Cumbres borrascosas es, en definitiva, un gran relato de pasión, agonía y tensión psicológica que ocupa un lugar destacado dentro del horror más espiritual: entre Heathcliff y Catherine Earnshaw se establece una relación más honda, y también terrible, que el amor humano, por eso tras la muerte de ella él profana dos veces su tumba y lo vemos acompañado por una presencia que ha de ser el espíritu de la amada. Heathcliff deja de comer y por las noches pasea junto a su tumba; de hecho, tras morir, los pastores aún lo ven deambular en los días de lluvia.

 

Otros cuentos de fantasmas de entonces se caracterizan por su brevedad, su realismo y su humor; sus protagonistas suelen ser escépticos con los poderes sobrenaturales y, en su segunda parte, suelen introducirse elementos inquietantes, que pueden entenderse como sobrenaturales pero que suelen ser susceptibles de explicaciones racionales. El clima de terror, sin embargo, aumenta hasta envolver al protagonista, que ya abandona el raciocinio para aceptar la bajada a los infiernos. Para “disfrutar del miedo” debemos suspender voluntariamente la incredulidad.
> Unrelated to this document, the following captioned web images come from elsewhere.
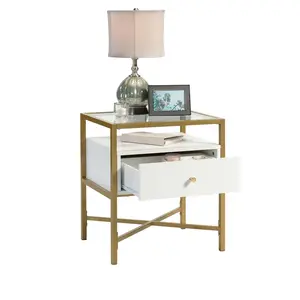 Sauder Harper Heights Side Table with Glass Top, Open Shelf, and Lower Storage Drawer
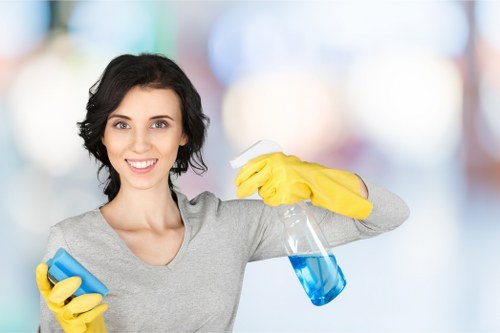 Professional move in cleaning preparation in an empty space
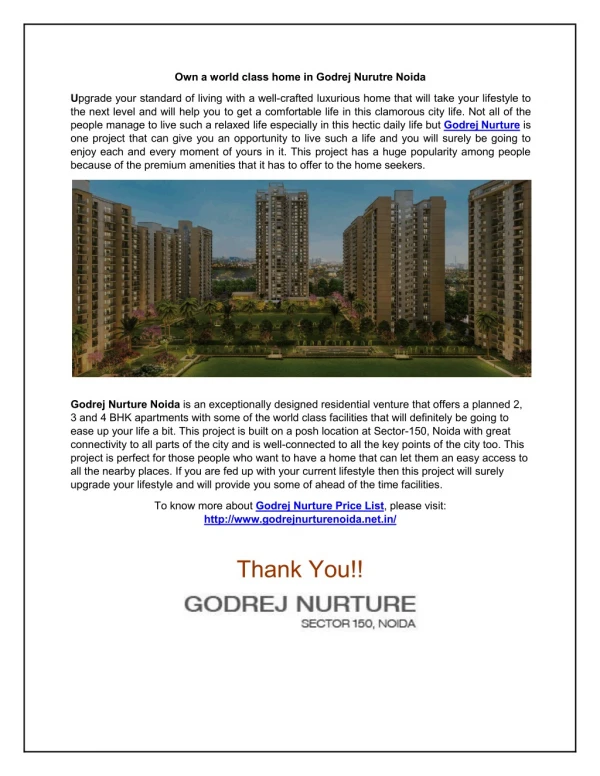 Own a world class home in Godrej Nurutre Noida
Para explicar esos descensos al Hades se recurre a alucinaciones, sueños o trastornos mentales, aunque siempre se deja espacio a lo inexplicable; para M.R. James, los elementos básicos de estos relatos son las atmósferas y el ritmo en la intriga.
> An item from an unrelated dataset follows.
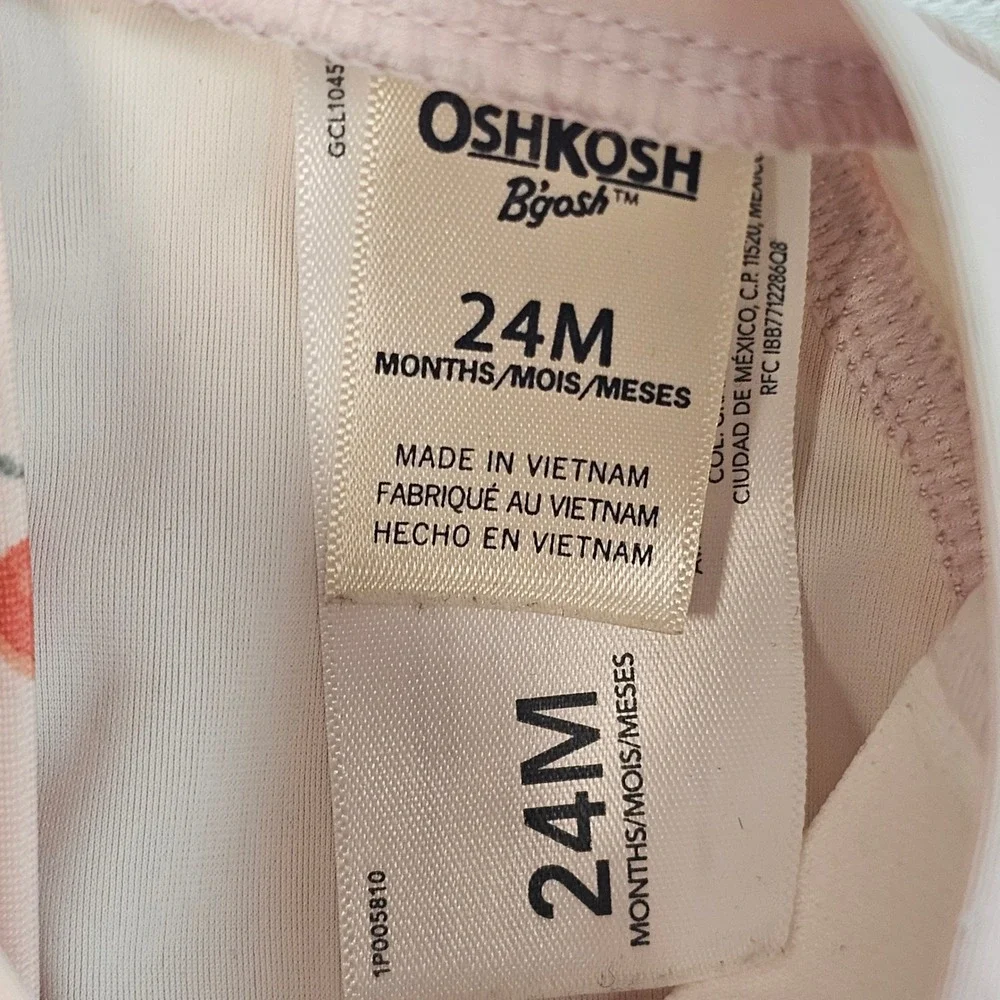 OshKosh Bgosh Baby Girl 24M Pink CherryFloral LongSleeve RuffleSwimsuit 1P005810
En los años finales del siglo XIX, habiéndose democratizado la literatura y también su lenguaje, los grandes autores (también Dickens) se sienten atraídos por lo fantástico. El británico crea fantasmas tiernos y ejemplares que nos suscitan miedo; en Francia también los incorporan Balzac o Mérimée, y no podemos dejar de lado a Robert Louis Stevenson (El extraño caso del Dr. Jekyll y Mr. Hyde, Los ladrones de cadáveres, El señor de Ballantrae). Tampoco está de más citar a Kypling y a los amigos Henry James y Edith Wharton.

El primero podría ser el mejor escritor de cuentos de fantasmas (Otra vuelta de tuerca, La lección del maestro, La vida privada, La figura de la alfombra…). Leer o escuchar sus historias supone desconectar de la vida moderna; es un maestro en la gradación de la información, la creación de ambigüedad, la indefinición… Wharton también supo crear magistralmente ambientes de misterio.

Y este somero repaso a fantasmas victorianos no podemos cerrarlo sin hablar de Drácula de Bram Stoker (1847-1912); este autor pertenece de lleno al periodo victoriano aunque sobreviviera una década a la muerte de la reina. Modesto empleado, dedicaba su tiempo libre a escribir terrores.

Nacido en Dublín, logró mejorar su salud precaria con gimnasia y deporte hasta ganar torneos de atletismo y estudió en el Trinity College de la capital irlandesa. A los veinte años conoció al actor Henry Irving, que fue su consejero y amigo, y puede que también la inspiración para su vampiro. Dicen que Drácula lo escribió justamente por una apuesta cruzada con él, de la que, claro, salió ganador.

Perteneció a la sociedad iniciática Golden Dawn, que practicaba ritos de magia, y el dato tiene relevancia porque la narración puede explicarse desde un doble viaje iniciático: el de Harker, lleno de tentaciones, que conduce a la inmortalidad, y el del conde, ya inmortal, a través del dolor y la soledad del amor incomprendido, para purgar su pena.

Al margen de que algún personaje parecido a Drácula existiera de verdad, el texto remite a El festín de la sangre de Prest o El vampiro de Polidori.